*** Opening of Exercise input ***
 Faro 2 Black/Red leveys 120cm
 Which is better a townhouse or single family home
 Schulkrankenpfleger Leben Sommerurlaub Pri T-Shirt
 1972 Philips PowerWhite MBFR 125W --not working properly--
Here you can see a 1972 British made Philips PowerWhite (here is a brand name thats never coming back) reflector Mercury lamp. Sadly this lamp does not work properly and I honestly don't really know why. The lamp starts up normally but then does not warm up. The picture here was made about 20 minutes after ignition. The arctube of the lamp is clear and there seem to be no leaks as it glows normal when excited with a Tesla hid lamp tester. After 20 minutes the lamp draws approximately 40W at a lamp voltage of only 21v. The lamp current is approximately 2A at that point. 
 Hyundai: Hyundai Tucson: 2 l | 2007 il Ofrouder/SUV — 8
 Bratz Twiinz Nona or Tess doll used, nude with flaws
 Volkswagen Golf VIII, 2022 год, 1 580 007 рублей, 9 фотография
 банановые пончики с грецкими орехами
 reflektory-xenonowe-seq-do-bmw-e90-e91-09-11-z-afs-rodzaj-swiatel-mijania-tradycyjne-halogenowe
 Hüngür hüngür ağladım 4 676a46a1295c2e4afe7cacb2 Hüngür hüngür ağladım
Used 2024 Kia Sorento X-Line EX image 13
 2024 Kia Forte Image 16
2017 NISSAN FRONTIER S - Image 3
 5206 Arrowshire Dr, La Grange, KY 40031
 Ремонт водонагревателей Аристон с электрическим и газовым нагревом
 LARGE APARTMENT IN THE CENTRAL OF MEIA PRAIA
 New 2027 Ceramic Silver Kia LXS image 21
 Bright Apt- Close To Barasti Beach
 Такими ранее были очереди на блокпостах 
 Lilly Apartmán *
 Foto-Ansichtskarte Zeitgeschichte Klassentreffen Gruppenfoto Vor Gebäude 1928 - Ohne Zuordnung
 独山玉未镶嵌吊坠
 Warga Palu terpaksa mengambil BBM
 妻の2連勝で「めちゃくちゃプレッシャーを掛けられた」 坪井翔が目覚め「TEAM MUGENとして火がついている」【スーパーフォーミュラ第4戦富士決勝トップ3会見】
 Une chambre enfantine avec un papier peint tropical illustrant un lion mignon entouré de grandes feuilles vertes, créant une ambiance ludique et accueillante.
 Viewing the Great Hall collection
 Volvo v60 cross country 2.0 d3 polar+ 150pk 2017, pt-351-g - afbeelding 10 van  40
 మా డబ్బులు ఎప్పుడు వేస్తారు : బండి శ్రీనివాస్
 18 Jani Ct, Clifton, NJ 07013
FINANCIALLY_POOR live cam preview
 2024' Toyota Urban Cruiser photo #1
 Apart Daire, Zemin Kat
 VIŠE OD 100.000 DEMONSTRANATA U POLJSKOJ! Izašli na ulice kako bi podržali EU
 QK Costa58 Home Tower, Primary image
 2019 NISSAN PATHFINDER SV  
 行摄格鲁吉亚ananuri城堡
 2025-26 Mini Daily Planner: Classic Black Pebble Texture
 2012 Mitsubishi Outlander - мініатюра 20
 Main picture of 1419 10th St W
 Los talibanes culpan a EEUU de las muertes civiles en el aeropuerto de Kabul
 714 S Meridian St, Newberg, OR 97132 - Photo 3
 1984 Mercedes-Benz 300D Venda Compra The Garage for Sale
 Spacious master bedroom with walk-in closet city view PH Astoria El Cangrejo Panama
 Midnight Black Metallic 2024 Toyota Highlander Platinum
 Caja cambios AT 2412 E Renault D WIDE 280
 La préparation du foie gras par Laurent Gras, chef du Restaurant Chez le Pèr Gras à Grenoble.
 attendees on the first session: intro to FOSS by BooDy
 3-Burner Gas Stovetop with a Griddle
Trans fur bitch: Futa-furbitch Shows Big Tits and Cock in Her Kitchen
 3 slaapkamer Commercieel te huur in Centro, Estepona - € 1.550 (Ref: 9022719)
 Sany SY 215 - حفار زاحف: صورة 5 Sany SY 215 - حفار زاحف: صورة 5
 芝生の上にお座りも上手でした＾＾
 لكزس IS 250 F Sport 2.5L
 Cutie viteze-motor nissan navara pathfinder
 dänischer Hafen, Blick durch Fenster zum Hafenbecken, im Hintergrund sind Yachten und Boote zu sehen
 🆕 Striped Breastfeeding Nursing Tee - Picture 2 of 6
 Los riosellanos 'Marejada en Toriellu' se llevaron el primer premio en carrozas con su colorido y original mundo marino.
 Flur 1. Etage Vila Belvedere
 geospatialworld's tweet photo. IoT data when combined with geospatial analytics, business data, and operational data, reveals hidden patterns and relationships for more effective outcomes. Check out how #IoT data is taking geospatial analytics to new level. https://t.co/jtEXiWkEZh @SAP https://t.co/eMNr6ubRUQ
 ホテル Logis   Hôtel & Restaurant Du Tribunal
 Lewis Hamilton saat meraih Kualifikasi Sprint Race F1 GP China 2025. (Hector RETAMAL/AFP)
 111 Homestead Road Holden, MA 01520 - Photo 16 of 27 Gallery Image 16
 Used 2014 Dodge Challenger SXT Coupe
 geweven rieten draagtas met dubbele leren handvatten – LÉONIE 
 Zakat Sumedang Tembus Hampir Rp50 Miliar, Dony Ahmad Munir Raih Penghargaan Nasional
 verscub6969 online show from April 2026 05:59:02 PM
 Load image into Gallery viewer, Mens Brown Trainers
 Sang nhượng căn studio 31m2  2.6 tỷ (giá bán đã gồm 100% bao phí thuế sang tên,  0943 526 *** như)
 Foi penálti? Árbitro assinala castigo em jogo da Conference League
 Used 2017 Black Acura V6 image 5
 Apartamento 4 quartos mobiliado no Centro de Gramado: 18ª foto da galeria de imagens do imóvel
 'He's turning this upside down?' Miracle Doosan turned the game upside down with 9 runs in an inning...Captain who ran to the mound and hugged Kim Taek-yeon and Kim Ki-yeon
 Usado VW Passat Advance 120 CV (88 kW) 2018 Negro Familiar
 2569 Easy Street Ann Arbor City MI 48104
*** Close of Exercise input ***
> **Task requirements**
Look through the material above and pick out each line holding the word "Toyota".

> **Task response**
 2024' Toyota Urban Cruiser photo #1
 Midnight Black Metallic 2024 Toyota Highlander Platinum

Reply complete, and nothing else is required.